=== About this task ===
Select every line containing the word "Brown" from the material, and copy those lines.

=== Entries supplied ===
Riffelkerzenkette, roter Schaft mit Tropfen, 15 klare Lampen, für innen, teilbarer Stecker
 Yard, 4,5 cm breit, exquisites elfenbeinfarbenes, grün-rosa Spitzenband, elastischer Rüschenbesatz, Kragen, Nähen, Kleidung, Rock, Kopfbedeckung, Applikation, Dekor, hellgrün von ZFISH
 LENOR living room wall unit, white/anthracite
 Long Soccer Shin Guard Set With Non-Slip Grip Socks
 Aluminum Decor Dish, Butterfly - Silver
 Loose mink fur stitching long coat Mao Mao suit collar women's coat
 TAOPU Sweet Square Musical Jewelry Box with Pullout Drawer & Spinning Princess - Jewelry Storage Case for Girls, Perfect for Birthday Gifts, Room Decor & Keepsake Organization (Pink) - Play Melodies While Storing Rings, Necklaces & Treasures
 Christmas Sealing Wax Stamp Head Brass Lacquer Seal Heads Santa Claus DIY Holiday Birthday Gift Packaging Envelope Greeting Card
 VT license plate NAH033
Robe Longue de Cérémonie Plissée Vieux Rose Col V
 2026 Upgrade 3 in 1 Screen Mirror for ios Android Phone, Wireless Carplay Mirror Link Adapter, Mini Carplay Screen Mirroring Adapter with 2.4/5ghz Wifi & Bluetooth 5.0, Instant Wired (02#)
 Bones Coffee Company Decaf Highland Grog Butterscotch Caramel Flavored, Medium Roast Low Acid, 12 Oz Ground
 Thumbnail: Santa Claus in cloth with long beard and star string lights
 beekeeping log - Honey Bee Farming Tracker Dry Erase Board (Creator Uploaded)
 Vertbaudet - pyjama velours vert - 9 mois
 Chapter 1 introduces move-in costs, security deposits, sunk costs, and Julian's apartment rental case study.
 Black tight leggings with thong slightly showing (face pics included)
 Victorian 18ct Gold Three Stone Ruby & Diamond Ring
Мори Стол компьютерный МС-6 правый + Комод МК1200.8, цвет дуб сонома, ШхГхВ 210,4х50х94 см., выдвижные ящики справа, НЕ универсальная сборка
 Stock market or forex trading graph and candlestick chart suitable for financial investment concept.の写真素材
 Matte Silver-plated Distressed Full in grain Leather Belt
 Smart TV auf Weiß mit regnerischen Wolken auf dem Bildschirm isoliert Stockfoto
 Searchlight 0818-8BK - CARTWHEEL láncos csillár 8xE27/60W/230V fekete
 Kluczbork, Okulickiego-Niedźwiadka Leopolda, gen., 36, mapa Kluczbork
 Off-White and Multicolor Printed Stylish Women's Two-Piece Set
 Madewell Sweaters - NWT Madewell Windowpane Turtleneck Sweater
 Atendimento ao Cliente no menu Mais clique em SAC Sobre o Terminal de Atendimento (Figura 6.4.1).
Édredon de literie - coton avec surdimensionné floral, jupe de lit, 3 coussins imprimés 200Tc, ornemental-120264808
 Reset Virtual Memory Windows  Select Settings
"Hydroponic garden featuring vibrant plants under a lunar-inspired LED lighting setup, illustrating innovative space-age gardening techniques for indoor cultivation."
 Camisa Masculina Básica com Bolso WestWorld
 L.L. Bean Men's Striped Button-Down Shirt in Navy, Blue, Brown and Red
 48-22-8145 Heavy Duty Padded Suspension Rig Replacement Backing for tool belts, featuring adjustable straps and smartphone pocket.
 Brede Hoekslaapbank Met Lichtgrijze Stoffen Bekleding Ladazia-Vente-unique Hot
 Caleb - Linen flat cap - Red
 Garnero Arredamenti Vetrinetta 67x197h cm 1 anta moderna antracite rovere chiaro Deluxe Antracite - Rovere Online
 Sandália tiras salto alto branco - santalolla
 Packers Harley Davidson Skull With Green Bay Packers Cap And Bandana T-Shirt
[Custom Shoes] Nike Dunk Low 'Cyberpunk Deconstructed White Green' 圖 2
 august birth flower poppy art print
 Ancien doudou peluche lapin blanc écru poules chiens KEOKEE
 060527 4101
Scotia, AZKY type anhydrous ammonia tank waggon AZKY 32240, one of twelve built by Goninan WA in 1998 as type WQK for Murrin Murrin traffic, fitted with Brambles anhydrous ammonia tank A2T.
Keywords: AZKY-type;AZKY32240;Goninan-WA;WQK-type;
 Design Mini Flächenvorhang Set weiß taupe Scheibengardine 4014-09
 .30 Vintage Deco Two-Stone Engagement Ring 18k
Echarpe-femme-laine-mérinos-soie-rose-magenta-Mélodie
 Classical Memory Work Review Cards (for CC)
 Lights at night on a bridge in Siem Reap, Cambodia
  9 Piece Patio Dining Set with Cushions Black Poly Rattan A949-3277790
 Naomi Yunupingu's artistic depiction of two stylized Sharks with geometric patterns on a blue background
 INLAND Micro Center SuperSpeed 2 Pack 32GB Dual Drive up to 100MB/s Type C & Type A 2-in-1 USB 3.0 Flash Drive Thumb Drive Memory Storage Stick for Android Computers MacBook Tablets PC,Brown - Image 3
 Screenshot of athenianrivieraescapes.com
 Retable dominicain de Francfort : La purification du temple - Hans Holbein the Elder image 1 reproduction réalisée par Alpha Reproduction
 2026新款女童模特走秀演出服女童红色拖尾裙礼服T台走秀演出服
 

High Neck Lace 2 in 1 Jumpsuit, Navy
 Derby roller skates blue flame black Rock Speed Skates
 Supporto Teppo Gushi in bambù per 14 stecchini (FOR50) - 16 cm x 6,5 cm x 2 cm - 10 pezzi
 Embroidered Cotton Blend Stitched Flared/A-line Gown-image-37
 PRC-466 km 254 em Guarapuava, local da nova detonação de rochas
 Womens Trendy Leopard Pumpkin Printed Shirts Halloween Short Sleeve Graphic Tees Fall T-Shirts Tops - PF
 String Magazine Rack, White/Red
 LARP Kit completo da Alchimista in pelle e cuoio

=== Response ===
 L.L. Bean Men's Striped Button-Down Shirt in Navy, Blue, Brown and Red
 INLAND Micro Center SuperSpeed 2 Pack 32GB Dual Drive up to 100MB/s Type C & Type A 2-in-1 USB 3.0 Flash Drive Thumb Drive Memory Storage Stick for Android Computers MacBook Tablets PC,Brown - Image 3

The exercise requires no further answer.